Data Excellence is a lifestyle not a diet!
Data Excellence is a lifestyle Not a diet

Written by: Phil Husbands

My core interests and specialist expertise are in enterprise data strategy, data capability development and data-driven organisational change. My work focuses on building the operational and people-focused capabilities, which are essential for ensuring that data enables businesses to work more effectively, make better decisions and achieve their goals.
Data Excellence is a lifestyle not a diet!

When we talk about data excellence and strength, we’re looking at how effectively a business uses data to achieve its goals.

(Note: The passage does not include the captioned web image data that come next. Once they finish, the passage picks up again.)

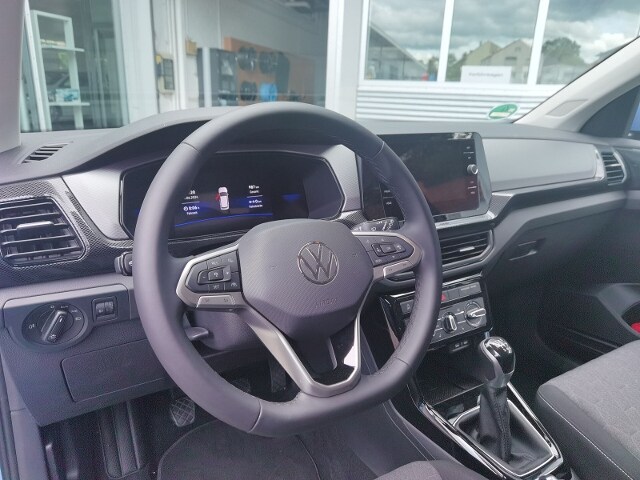Volkswagen T-Cross 1.0 TSI BMT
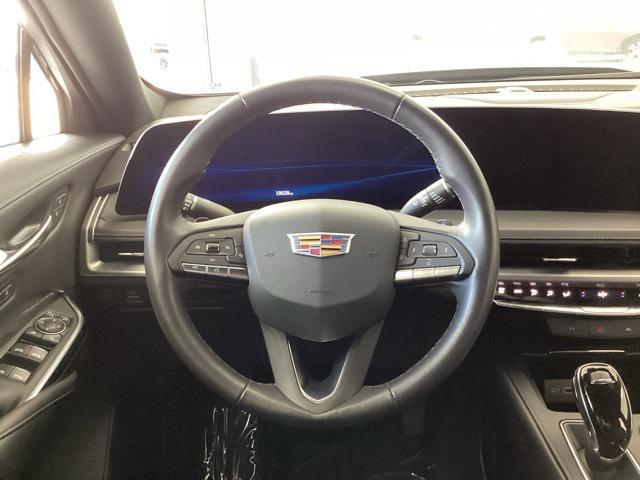 used 2024 Cadillac XT4 car, priced at $39,998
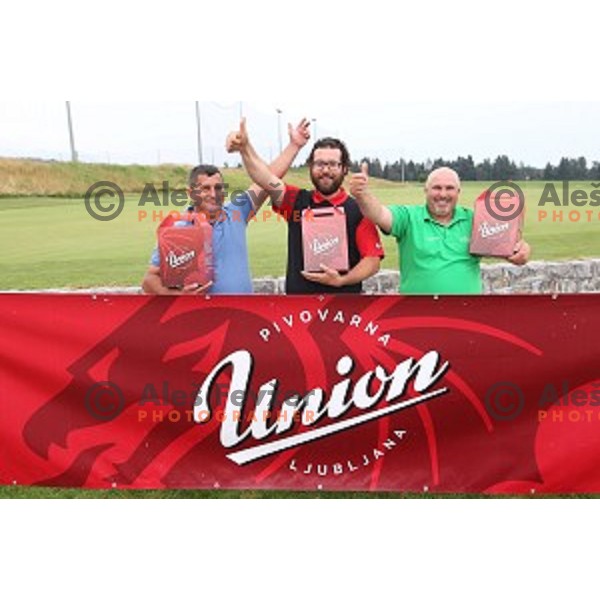 Club Championship of Golf Diners Golf & Country Club Ljubljana on June 25, 2016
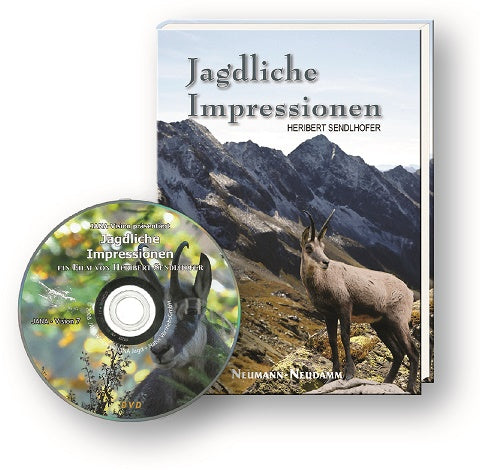 Jagdliche Impressionen mit DVD,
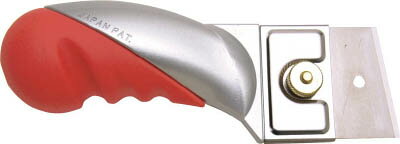 NT カッター 革たち 赤【KT-2000GP-R】(塗装・内装用品・へら・スクレーパー)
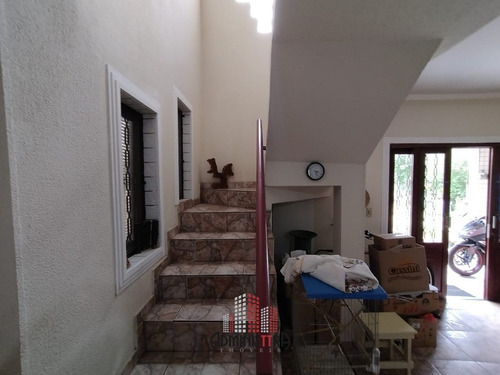 Imagem 10 de 15 de Casa A Venda Cond. Ibiti Do Paço Sorocaba Sp - Cc-1009-1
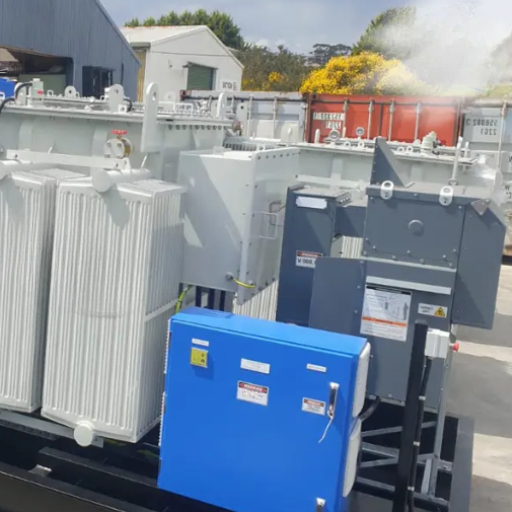 What Projects Has Daelim Been Involved In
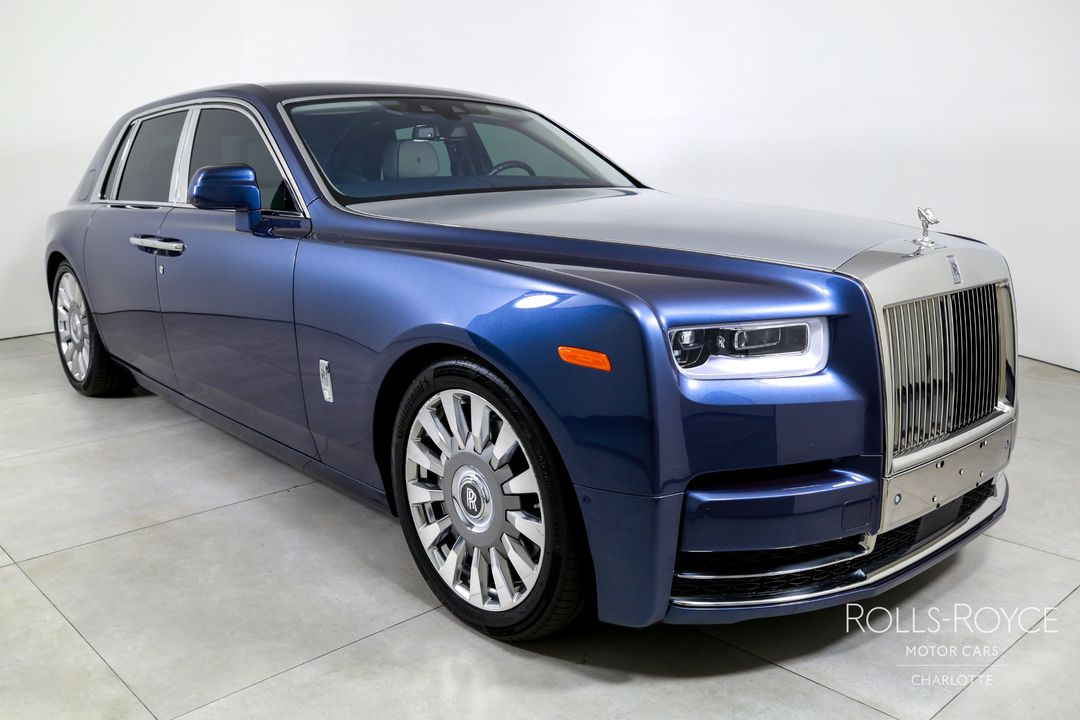 2019 Rolls-Royce Phantom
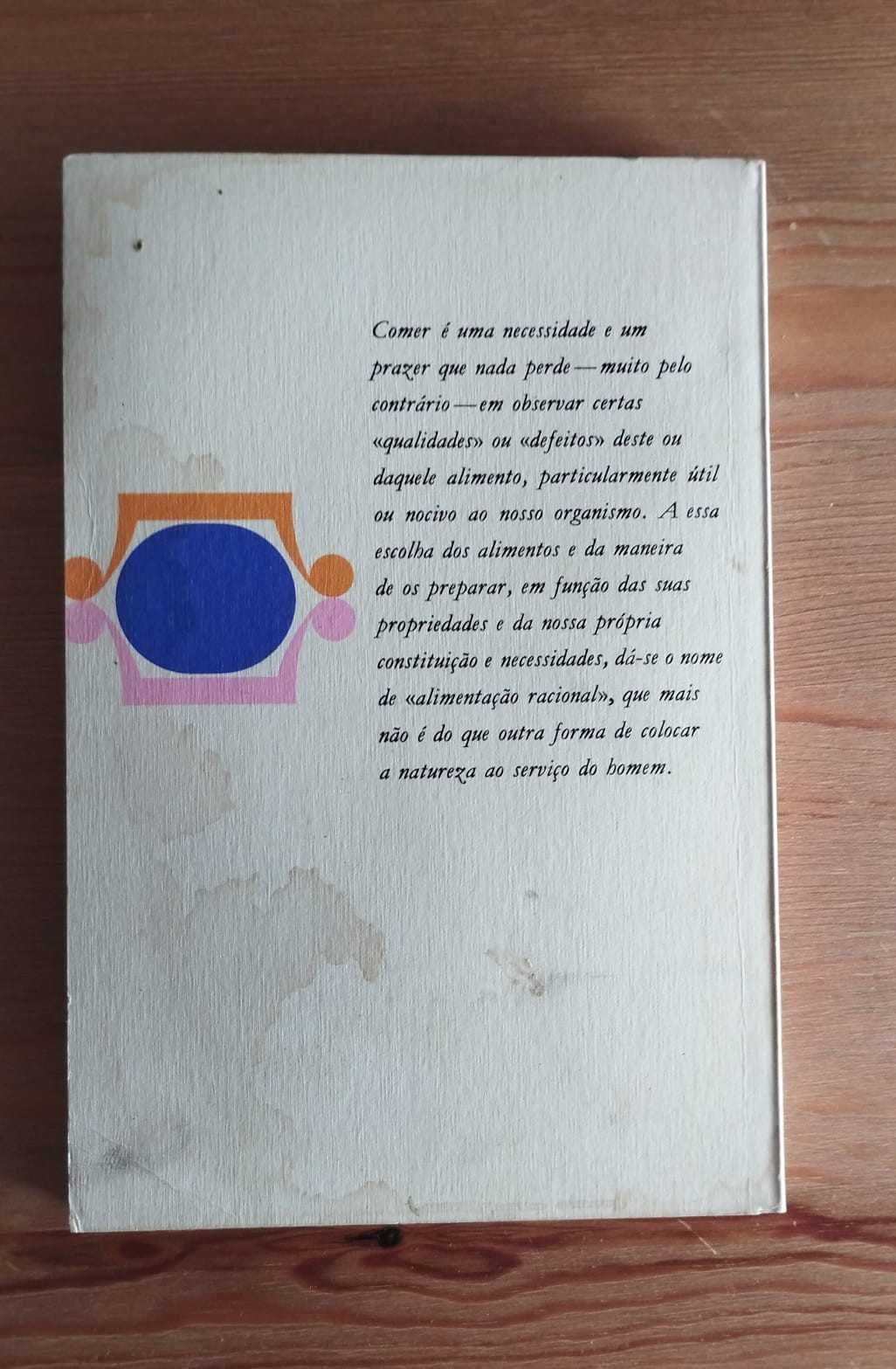 Guia de Alimentação Racional - Livro Usado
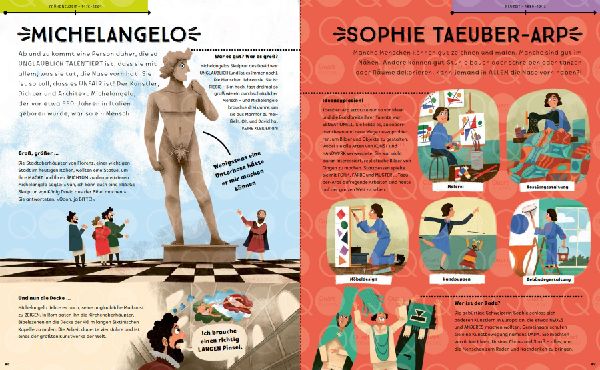 Wer hat die Nase vorn?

And just like physical strength, it comes from a combination of different things…

Think about what enables a weightlifter to shift huge weights… It’s not just muscles, but equally the right technique, ample energy and a confident mindset.

Similarly, leveraging the power of data to achieve business goals demands a mix of capabilities. You need the right data, the infrastructure to move and store it, the technology to analyse and use it, compliance to avoid the risks in it, governance to maintain the quality of it, the people, skills and culture to embrace it… And more!

When you think about it like that, it’s easy to see that just like a 6-week diet and a few trips to the gym won’t build physical strength, various technologies and a few data projects won’t build data strength.

What we need to do is change the business’s long-term ‘data lifestyle’.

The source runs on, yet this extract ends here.